— Problem to solve —
Give the listing again word for word, excluding the pictures it contains.

— Collected material —
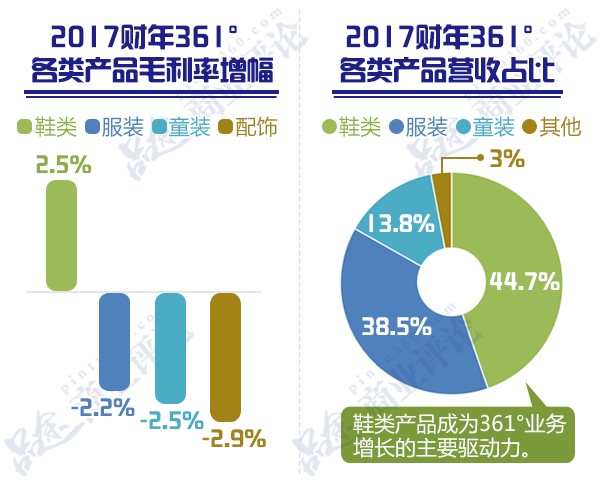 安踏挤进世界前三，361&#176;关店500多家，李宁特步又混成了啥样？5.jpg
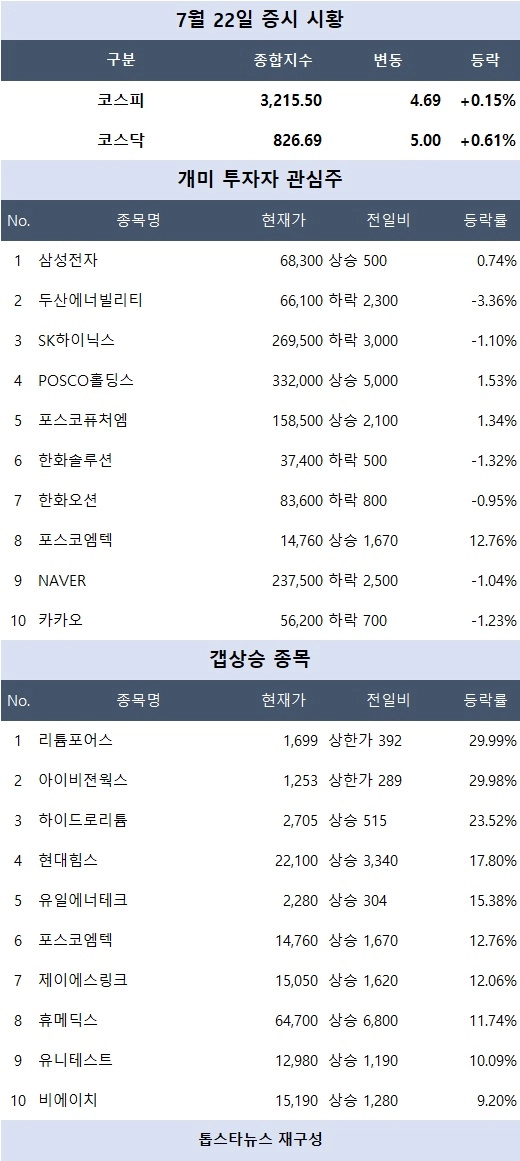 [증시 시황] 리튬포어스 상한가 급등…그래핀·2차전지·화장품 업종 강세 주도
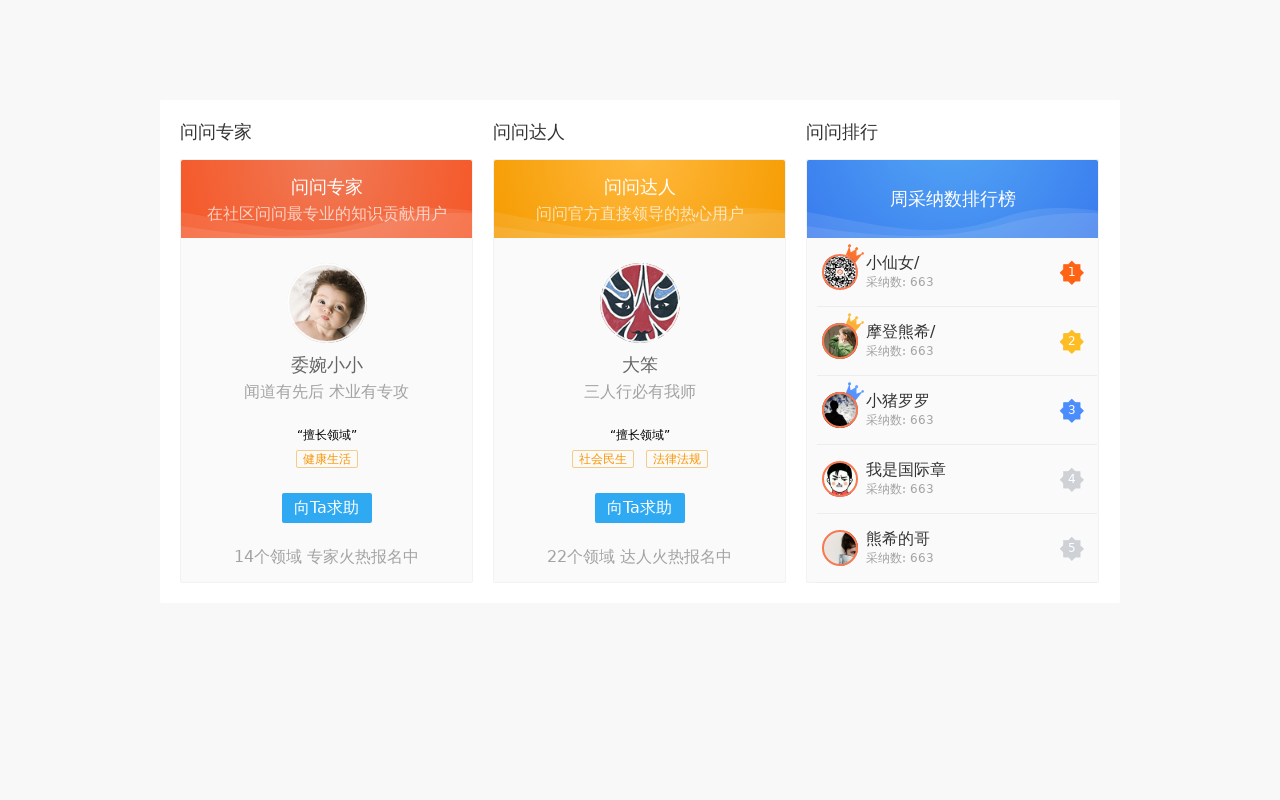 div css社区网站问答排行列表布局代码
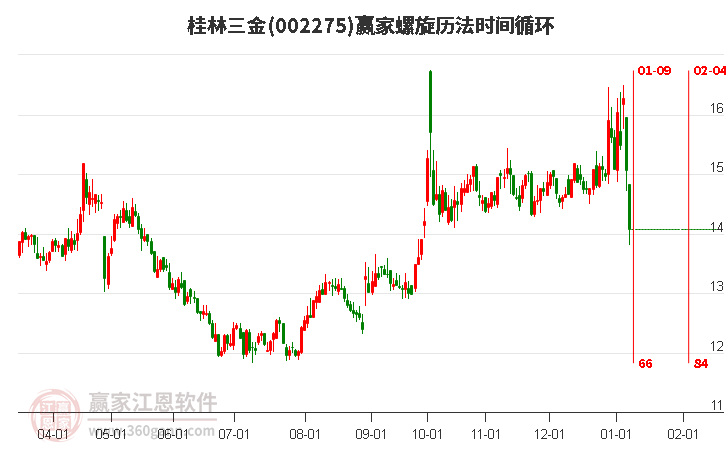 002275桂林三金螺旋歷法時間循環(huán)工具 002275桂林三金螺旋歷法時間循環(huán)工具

— The completed task —
 安踏挤进世界前三，361&#176;关店500多家，李宁特步又混成了啥样？5.jpg
 [증시 시황] 리튬포어스 상한가 급등…그래핀·2차전지·화장품 업종 강세 주도
 div css社区网站问答排行列表布局代码
 002275桂林三金螺旋歷法時間循環(huán)工具 002275桂林三金螺旋歷法時間循環(huán)工具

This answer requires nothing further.